売れたはいいけれど自分のやりたいことができていない立場と、
自分たちの本当にやりたい芸を貫き続けているけれど生活が困窮している立場。

芸人という仕事を選んだ以上、どちらもありうる状況。
いつどうなるか、誰にもわからない世界。
果たして、どちらがしあわせなのか?

このコント自体は、最終的に悪魔に台本を消され、自分たちで考えたネタで全国ツアーをすることになっている(結構なんとかなるなぁ、的な感じ)ところで終わるのだが、

メッセージが、

THIRD MESSAGE
Sorry if anyone was offended.
気を悪くした方がいたらごめんなさい


、、、、、、だったのだ。

”気を悪くする”、というのは、このコントに関してとは思えなかった。
私の推測だと、
「皮肉」「毒」と言われるような、彼らの正直すぎる芸風についてかな?と。

「俺らがほんまにおもろいと思うことだけやって、それをお客さんに笑ってもらって、それが一生続いたらこんな幸せなことはないって話したやんか」

、、、、、、という屋敷さんのセリフ。

ニューヨークは、ネクストブレイクと呼ばれながらも長くブレイクできなかったコンビだ。
”売れたけどやりたいことができていない”芸人ではない。
先ほどのふたつの立場で言ったら、
”自分たちのやりたいことを信じ続ける”道を選んできた、
という方だ。

そして、
これからも自分たちのおもしろいと思うことをやっていくよ、
という決意と、
そのせいでもし誰かの気分を害したらごめんね、
ということが、
ニューヨークからのメッセージだったのかもしれないな、、、、、、

なんて、勝手に深ぁーーーく考えてみる。


4.コント(ロケ)

、、、、、、これは完全に、
嶋佐さんのキャラクターを堪能するたのしいコント。

2021年のキングオブコント決勝で10位(最下位)になった
『ウエディングプランナー』
のネタに出てくるキャラクターで、
”舞台監督の及川さん”という実在の人物をモチーフにしたひとを、
再び嶋佐さんが演じている。

※『ウエディングプランナー』のネタはこちら。


今回は、若手俳優設定の屋敷さんが挑む街ブラロケ番組の、監督?ディレクター?という立場。
「OKです!」
というセリフと共に登場しただけで、客席が沸いた。

『ウエディングプランナー』自体は”キングオブコント最下位”といじられていたが、ランジャタイの国崎さんが「あのコントよかったよー」と言ってくれたり、TBSの『ラヴィット!』でマヂカルラブリーの野田さんが「OKです」を言い始めてくれたり、、、今では嶋佐さんもラヴィットで毎回のように「OKです!」と言い続け、スタッフさんも嶋佐さんの席に瞼に張り付けるテープ(細目にする用)を用意していてくれて盛り上げてくれて。
”「OKです!」の及川さん”を模した嶋佐さんのキャラがどんどん育っていった結果が、この観客の盛り上がりなのだなと、しみじみ。

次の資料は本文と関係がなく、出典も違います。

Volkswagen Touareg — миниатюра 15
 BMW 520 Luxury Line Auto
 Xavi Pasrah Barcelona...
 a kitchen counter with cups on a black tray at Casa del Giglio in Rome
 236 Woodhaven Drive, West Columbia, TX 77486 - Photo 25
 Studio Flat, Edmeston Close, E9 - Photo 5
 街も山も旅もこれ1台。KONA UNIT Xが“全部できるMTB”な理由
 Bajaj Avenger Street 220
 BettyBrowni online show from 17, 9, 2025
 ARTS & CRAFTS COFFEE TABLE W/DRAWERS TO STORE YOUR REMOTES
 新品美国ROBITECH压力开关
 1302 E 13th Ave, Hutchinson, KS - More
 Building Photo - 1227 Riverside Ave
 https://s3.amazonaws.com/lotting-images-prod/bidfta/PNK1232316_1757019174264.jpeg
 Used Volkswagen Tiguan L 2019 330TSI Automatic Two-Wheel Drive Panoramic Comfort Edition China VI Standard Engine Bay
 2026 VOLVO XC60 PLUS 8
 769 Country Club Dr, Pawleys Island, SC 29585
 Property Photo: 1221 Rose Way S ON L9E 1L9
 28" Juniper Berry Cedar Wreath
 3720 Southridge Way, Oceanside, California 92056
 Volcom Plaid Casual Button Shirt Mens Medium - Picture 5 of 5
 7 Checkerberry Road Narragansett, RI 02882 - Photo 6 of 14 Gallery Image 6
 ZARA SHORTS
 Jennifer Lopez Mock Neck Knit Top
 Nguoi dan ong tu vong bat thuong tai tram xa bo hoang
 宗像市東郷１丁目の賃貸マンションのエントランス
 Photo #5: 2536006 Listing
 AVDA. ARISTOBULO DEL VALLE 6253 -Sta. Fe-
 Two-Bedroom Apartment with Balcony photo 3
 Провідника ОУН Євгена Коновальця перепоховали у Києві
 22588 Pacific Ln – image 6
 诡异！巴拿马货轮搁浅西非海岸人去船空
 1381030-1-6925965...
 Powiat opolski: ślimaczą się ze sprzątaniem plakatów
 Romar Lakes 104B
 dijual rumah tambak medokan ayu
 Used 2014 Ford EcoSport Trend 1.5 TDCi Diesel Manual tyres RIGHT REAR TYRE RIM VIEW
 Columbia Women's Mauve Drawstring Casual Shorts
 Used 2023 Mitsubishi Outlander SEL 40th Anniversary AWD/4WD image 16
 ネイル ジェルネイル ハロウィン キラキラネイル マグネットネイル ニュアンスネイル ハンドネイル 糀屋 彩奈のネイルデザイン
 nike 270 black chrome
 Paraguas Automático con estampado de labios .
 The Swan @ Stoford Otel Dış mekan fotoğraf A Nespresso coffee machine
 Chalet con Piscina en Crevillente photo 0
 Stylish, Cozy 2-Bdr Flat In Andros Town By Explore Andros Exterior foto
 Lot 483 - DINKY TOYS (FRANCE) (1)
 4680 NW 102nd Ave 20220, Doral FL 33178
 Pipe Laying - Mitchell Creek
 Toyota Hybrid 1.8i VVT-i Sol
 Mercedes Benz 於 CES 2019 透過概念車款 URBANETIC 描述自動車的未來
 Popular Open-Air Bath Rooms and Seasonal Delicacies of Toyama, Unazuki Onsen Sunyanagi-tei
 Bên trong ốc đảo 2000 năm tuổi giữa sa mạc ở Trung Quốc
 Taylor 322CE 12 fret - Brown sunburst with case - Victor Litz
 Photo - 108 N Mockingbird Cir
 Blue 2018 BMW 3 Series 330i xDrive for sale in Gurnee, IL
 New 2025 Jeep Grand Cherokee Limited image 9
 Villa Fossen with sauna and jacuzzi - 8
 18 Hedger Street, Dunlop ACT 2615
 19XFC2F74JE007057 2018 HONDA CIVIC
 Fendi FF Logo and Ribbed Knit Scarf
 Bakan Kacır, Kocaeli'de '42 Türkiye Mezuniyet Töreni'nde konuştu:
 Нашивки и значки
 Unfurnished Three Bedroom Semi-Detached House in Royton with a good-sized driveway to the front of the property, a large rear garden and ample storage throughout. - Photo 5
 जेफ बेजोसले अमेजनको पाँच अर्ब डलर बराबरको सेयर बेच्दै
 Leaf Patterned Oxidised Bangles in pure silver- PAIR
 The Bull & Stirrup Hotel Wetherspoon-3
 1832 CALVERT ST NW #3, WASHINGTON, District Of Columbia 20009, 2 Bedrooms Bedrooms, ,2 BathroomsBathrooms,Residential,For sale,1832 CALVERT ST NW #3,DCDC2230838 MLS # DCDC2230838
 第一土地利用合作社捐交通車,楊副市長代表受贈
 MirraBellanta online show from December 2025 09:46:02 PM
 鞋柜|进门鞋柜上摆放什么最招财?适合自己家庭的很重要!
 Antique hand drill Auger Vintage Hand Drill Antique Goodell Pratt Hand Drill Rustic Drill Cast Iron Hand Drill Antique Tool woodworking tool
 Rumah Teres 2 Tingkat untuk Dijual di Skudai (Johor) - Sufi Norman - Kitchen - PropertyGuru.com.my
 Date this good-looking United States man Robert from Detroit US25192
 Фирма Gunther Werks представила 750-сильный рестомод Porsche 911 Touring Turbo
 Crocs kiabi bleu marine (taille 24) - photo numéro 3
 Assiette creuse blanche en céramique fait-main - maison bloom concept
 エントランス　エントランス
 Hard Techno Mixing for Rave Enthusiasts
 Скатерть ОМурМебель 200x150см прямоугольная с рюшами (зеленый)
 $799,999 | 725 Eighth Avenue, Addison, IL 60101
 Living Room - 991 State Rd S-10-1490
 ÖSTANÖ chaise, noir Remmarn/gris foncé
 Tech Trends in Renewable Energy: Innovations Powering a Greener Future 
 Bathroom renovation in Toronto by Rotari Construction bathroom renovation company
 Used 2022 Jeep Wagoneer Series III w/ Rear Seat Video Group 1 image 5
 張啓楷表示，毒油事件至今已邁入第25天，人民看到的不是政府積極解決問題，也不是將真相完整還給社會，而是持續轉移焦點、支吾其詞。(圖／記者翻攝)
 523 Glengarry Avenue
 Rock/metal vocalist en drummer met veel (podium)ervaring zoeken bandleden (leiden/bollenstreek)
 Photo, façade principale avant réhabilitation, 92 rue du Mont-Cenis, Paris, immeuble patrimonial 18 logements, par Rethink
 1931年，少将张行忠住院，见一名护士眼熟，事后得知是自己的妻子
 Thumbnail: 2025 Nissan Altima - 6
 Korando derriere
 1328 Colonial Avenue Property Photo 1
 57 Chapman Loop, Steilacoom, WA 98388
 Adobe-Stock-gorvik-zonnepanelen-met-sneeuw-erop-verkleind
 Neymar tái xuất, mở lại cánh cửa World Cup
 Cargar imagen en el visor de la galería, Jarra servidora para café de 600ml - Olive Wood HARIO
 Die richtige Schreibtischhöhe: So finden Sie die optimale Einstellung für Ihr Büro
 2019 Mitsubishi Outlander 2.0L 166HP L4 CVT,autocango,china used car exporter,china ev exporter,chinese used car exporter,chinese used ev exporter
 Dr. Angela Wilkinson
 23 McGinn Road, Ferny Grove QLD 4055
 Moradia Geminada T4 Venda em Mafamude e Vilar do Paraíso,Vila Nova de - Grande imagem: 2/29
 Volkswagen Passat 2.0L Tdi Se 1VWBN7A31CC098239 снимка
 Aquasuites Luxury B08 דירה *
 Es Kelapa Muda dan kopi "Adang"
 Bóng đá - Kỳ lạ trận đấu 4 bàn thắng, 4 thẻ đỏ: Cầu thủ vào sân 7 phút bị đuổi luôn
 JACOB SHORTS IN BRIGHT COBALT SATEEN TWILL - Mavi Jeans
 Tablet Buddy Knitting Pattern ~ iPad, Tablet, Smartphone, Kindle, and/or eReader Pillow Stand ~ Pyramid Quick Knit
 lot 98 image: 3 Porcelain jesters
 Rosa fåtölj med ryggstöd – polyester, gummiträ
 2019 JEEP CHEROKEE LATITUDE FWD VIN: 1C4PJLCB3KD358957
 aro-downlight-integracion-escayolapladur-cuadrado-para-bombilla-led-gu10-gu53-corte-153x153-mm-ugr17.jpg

私は及川さんと実際に会ったことがないのに、喋り口調、話しそうな言葉、人の話を聞かず喋り続けるところ、急に何かに浸って語り始めるところ、、、、、、
とにかく、嶋佐和也という人物とは全く違うキャラクターが憑依していることだけはよくわかり、本人のことがわからなくてもとにかく笑える。
そして、このふたりがこのコントをたのしんでいることもよくわかり、屋敷さんは途中で耐えられずに笑いながらネタをしている。


そして。

このコントが終わると、
メッセージより先に、幕間のVTRが流れる。

【VTR】


YouTubeの企画?と思ったが、
このコントで演じている”舞監の及川さん”という人物がギャンブルずきなことにちなんで、嶋佐さんが扮する及川さんによる競馬企画が始まる。
嶋佐さんの自腹120万を賭けた企画で、
競馬初心者のニューヨークが競馬に詳しい著名人の楽屋を訪れ
(指原莉乃さん、麒麟の川島さん、かまいたちの山内さん)、
意見を参考にして予想をしていくのだが、
ラストに訪れた部屋に待っていたのは、
舞台監督の及川さん、ご本人。

嶋佐さんと及川さんが並んで座った。
顔自体はそこまでそっくりというわけではないのだが、
話を始めると、やっぱり、
嶋佐さんは、ご本人と喋り方が、そっっっっくり。
あまりに似ていて、隣でみている屋敷さんがずっと笑っていた。及川さんが話しているときに「今お前が喋った⁈」と嶋佐さんに聞いている。

TBSの『ラヴィット!』では、”爆買いベジータ侍”として引っ越しから何から大金を使うキャラが定着してしまっている嶋佐さん。
観ている側としては、どう転んでも”かわいそう”はなく、”面白いに決まってる”というテンションだ。
嶋佐さんは、GⅢ(M-1グランプリでいうところの準決勝らしい)のレースに自腹120万円を賭けて挑んだ。
とある楽屋で、ニューヨークふたりそろってTVで中継を観ていたが、
ふたりの画面を見上げる顔が、きらきらしていて個人的にとてもよかった。
嶋佐さんは、及川さん仕様の細目テープの隙間から少し素の顔を見せ、屋敷さんはただただ、どうなるんだろうとわくわくして観ていた。
予想外の6番の馬が優勢になった状況で「6買ってないよ!」「6買ってないね!」と、ふたりではらはらしつつ見守る展開。

、、、、、、結果は惨敗。

嶋佐さん、120万円を失った。


屋敷さんも、お客さんも、私も、

、、、、、、大爆笑。


(ちなみに、この企画の間中、嶋佐さんはずっと及川さん口調になりきって、永遠に憑依していた。すごいなぁと思っていたら、結果が分かった後倒れこんで、一瞬、嶋佐和也に戻った。)

そして、
その映像の後に、

FORTH MESSAGE
There are no absolutes in the world.
競馬は難しい

というメッセージが、スクリーンに映し出された。

absolutes=絶対的なもの、神
、、、、、、という意味らしい。

とにかく、この4つ目のネタはVTRも含め全て、”feat.及川”ということなのだろうなぁ。
嶋佐さんの、キャラを憑依させる力はすごかった。

この後のネタでも、それをびしびしと感じることとなる。




こうして、ニューヨークのことを思い出して書いている間はたのしいけれど、
私の現実世界は今ちょっとしんどくて、
そして相変わらず要点をまとめる力がなくて、
長々と書いたけれどまだ半分、、、、、、

日を改めて(これも数日がかり)、また後半戦を書きたいと思う。

とりあえず前編としてこれを〆ておこう。


後半戦、待っているひとがいなくても書くので、マイペースにやっていこう。

あ、ニューヨークのニューラジオが始まった!


お笑いに救われないと、正直心が死んでしまいそう。
ひとをたのしませる職業のひとに、心からの感謝を。

明日、ひとつでも笑える出来事がありますように。